Code review
There are too many things going on in this line:
if( @is_file($file = basename(__FILE__, '.css.php') . '-config.php' ) )
- Formulate a file path from
__FILE__
, chopping off.css.php
and appending-config.php
- Store the path in a variable
- Check if the path exists
It's hard to read when a single line does so much. It's better to break this up to two statements:
$file = basename(__FILE__, '.css.php') . '-config.php';
if (is_file($file)) {
The code is full of tedious isset($config['x']) && $config['x']
checks.
To make that simpler,
I would start with an array of default values,
and copy over the parameter array,
which will ensure that all values exist,
so that you could skip all the isset
checks.
I wonder what all the unset
statements are about.
I checked a few, and they don't seem to matter,
as the values they unset are either not used later,
or reassigned.
They seem pointless (and paranoid), so you can remove them.
More reasons why this is a bad idea
@cimmanon@cimmanon mention some reasons, for me these are the biggest:
The main objective of utility code should be to reduce complexity. This code, unfortunately, is doing the opposite, by adding another API layer for working with styles. CSS alone is hard enough to figure out and debug. To use your generator, I have to learn another API (your configuration logic), and if something doesn't work as expected, I may have to debug this extra API in addition to plain old CSS.
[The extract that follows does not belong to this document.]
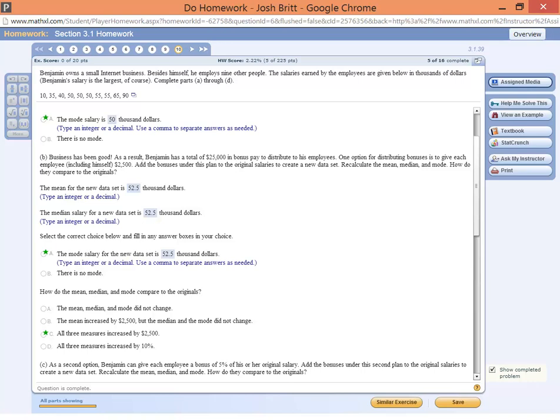Welcome back, YouTubers. We are going to look at how to build an expression in StatCrunch. So here's our problem.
If you want to generate CSS, look into frameworks designed for this, for example SASS, LESS, or one of the many other similar tools that are new and sexy and I've never even heard about. Like your tool, these too add another API layer, but that's ok, because they add massive value on top of CSS.
I see some usability issues. Let's say you have 3 pages that use slightly different style sheets. How will that work with this script? It seems you would need 3 copies of the script. Or better, use symlinks. Even so, it seems tedious compared using CSS alone and no extra PHP files per custom style.
CSS files can be zipped, which can be very important for sites where performance is paramount. (The frameworks I mentioned earlier help with that too.) This is in contrast with CSS generated on the fly. To get that zipped, you'd probably have to save to a file first, which is yet another hoop to jump through.